## AIM OF THE TASK
Copy the records below, from the line containing "Building Photo - 3" through the last line; leave out pictures.

- - - - - - -

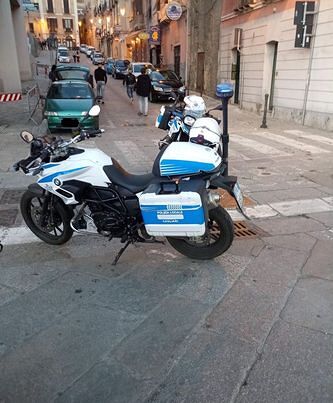 Cagliari, super inseguimento nelle vie della Marina: senza patente e senza giustificazioni in zona arancione, multati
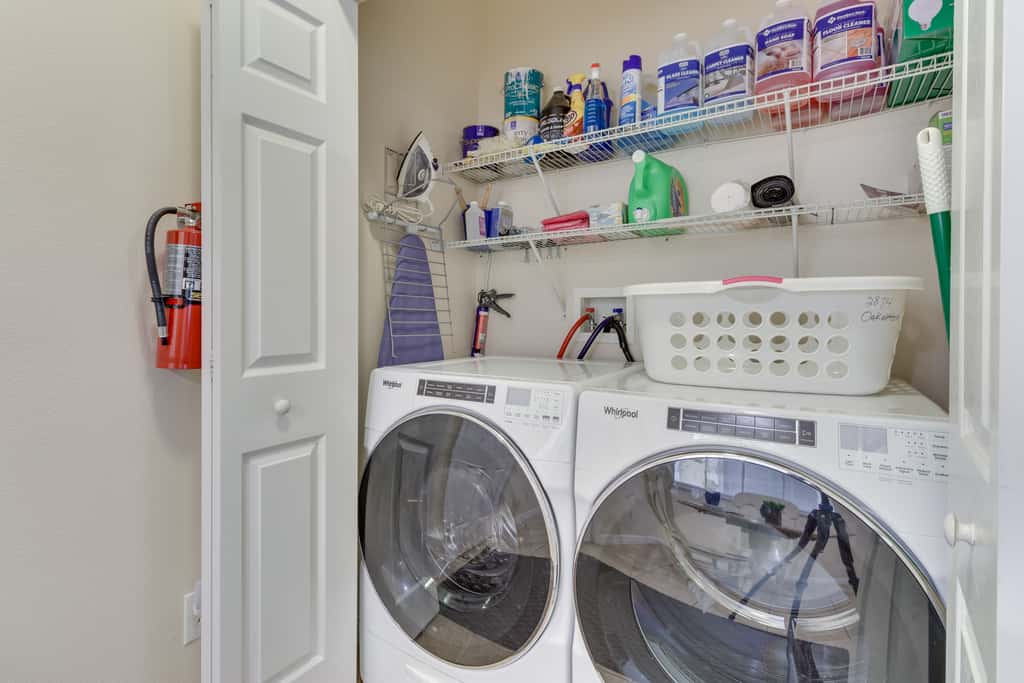 Kissimmee Retreat w/ Pool Access < 4 Mi to Disney!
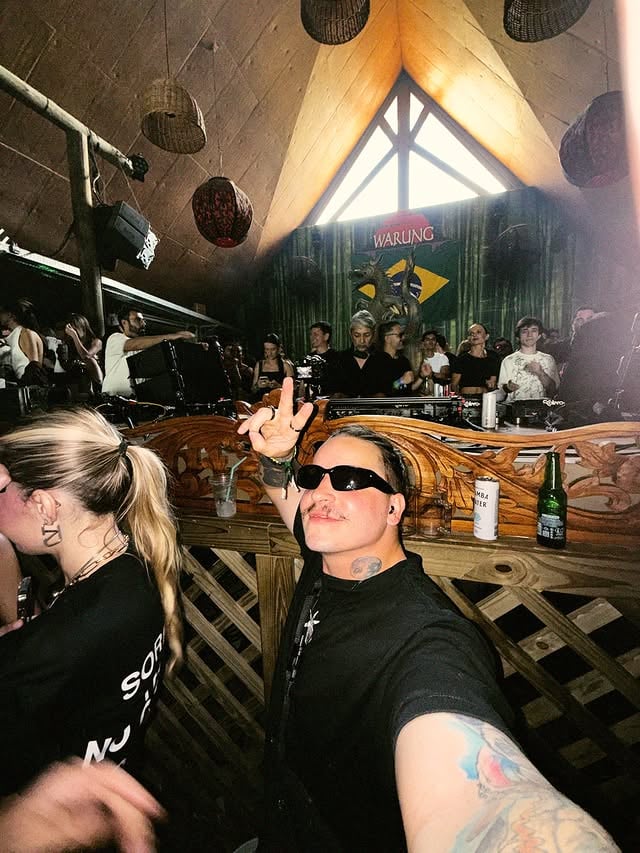 Warung 🐉 + Quartzo🔮O que eu vivi nos últimos dias me marcaram profundamente e não vão sair da minha memória. Aquelas loucuras que a gente faz, mas que não poderiam ter sido diferente. Que privilégio.Só motivos para agradecer. Sempre. 🤍💫 by @tiagomelchior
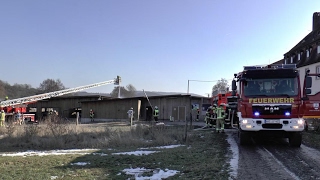 Brennende Photovoltaikanlage auf Kuhstall  Feuerwehr verhindert Schlimmeres [upl. by Perren]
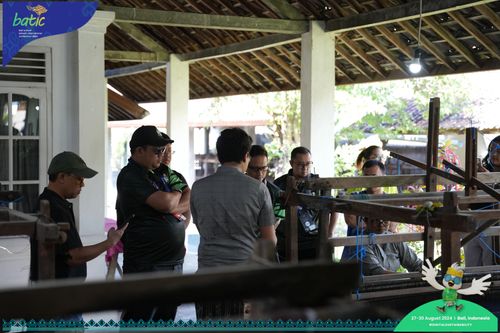 Race photo from Telin Batic 2024 Photo Search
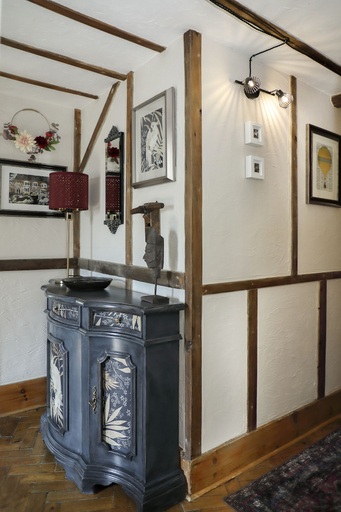 Others 5, Woodleys Farmhouse, Milton Keynes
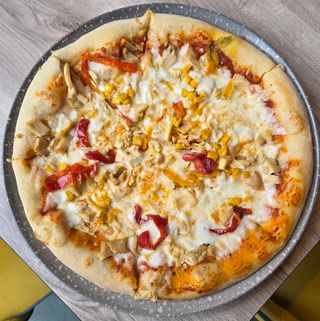 Pizza Con Pollo Ø32cm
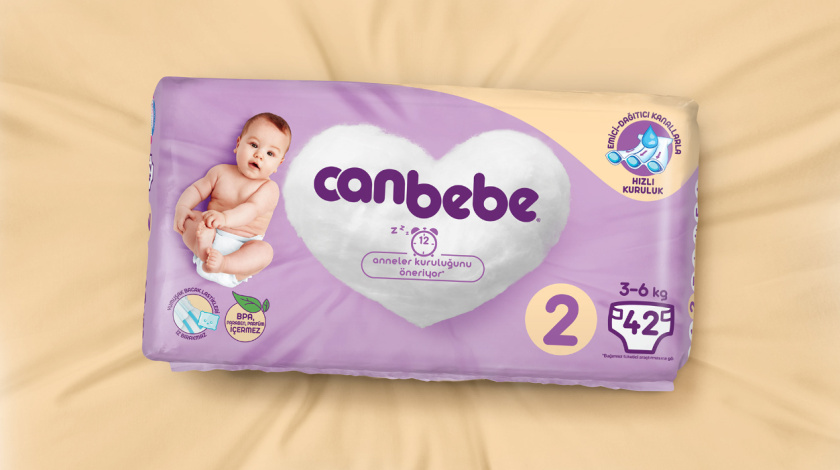 Canbebe 坎貝嬰兒尿布包裝設計，一團心形的棉花圖案+嬰兒照片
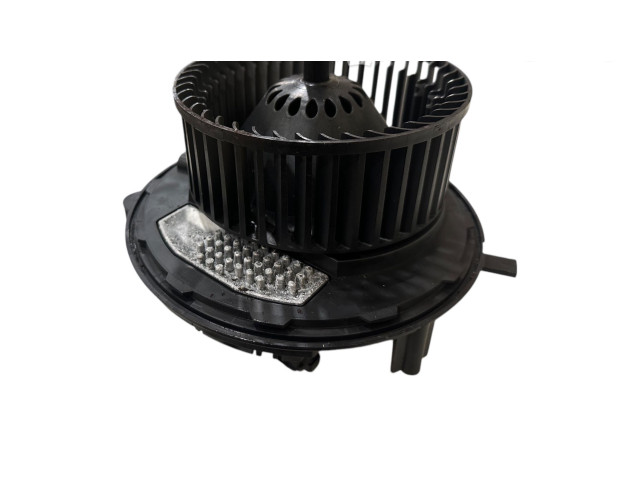 Вентилятор печки    5Q1819021B, T1016776J   Volkswagen e-Golf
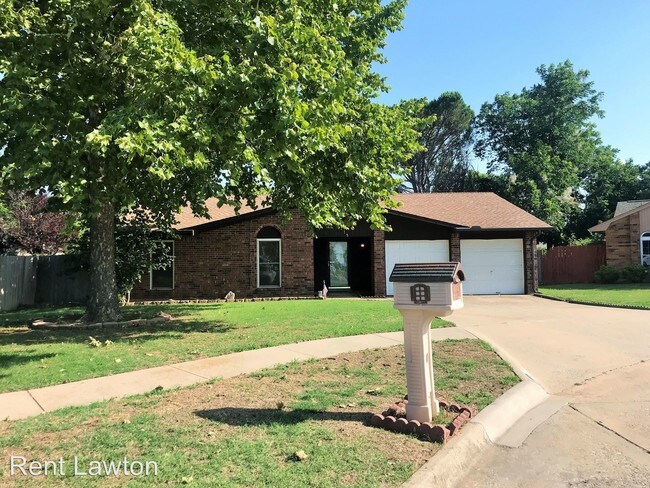 Building Photo - 3 br, 2 bath House - 4715 NE MacArthur Circle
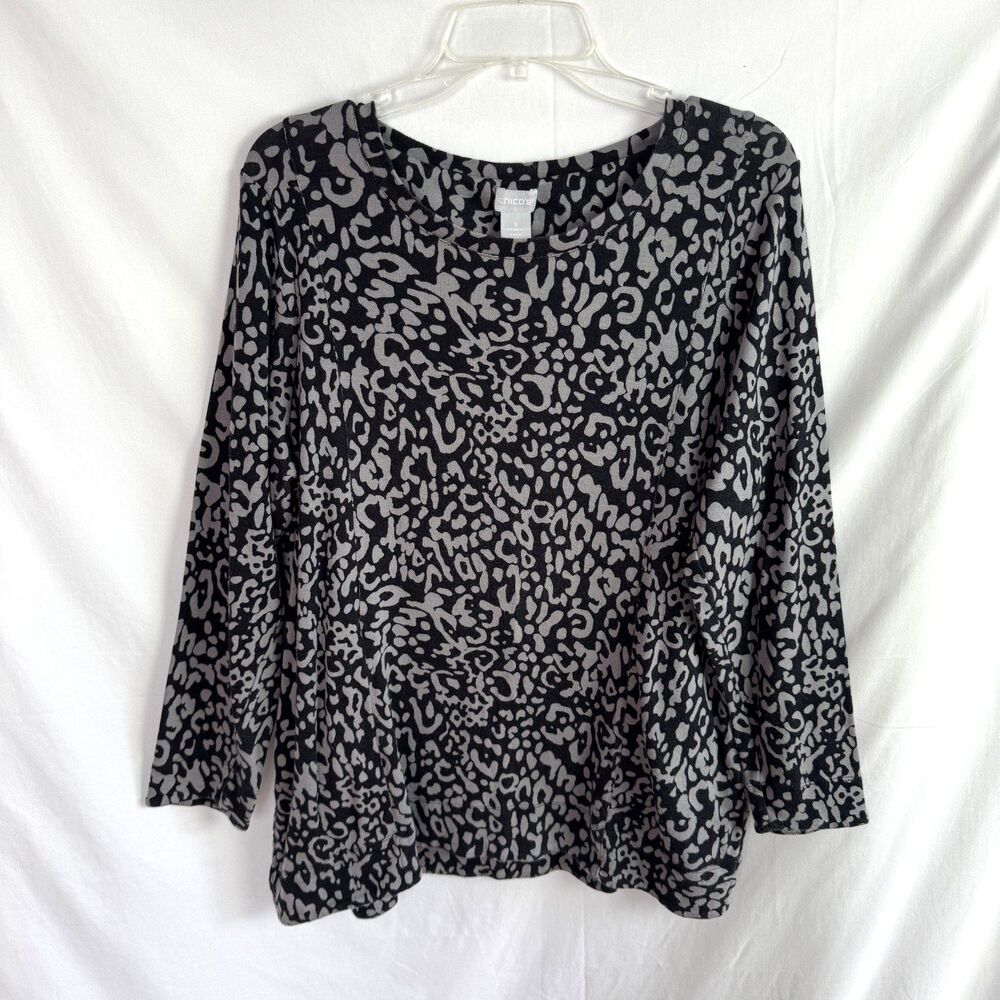 Chicos Women's Top Size 3 Gray/Black Print Pockets Long Sleeves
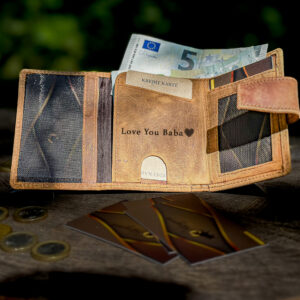 Combine elegance and function with this custom RFID wallet. With a coin pocket and slim silhouette, it's made for modern men. Add initials to create a unique and useful gift. #RFIDCardHolder #CoinPocketWallet #PersonalizedForHim #SlimLeatherWallet #CustomGiftIdeas #FatherGift #MensStyle2025 #PortemonnaieLove #GiftGuide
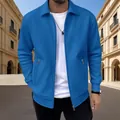 Détail de la veste bleue ajustée avec texture nid d'abeille et poches zippées de face - Bleu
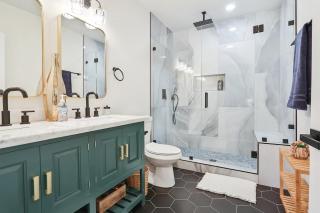 Modern Mid-City Home Free Parking - 6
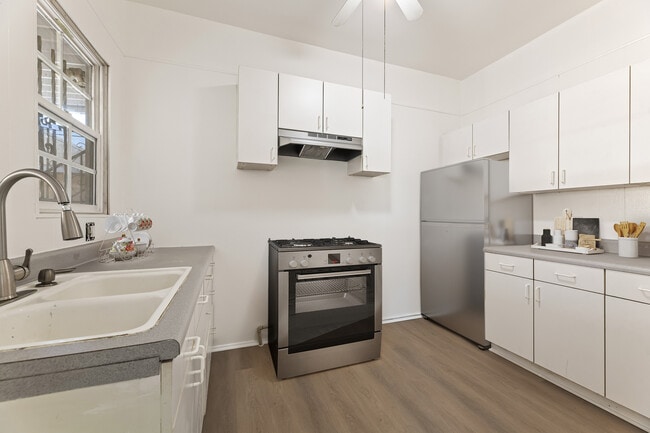 Foto del edificio - 6250 S Van Ness Ave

- - - - - - -

## SOLVED EXERCISE
 Building Photo - 3 br, 2 bath House - 4715 NE MacArthur Circle
 Chicos Women's Top Size 3 Gray/Black Print Pockets Long Sleeves
 Combine elegance and function with this custom RFID wallet. With a coin pocket and slim silhouette, it's made for modern men. Add initials to create a unique and useful gift. #RFIDCardHolder #CoinPocketWallet #PersonalizedForHim #SlimLeatherWallet #CustomGiftIdeas #FatherGift #MensStyle2025 #PortemonnaieLove #GiftGuide
 Détail de la veste bleue ajustée avec texture nid d'abeille et poches zippées de face - Bleu
 Modern Mid-City Home Free Parking - 6
 Foto del edificio - 6250 S Van Ness Ave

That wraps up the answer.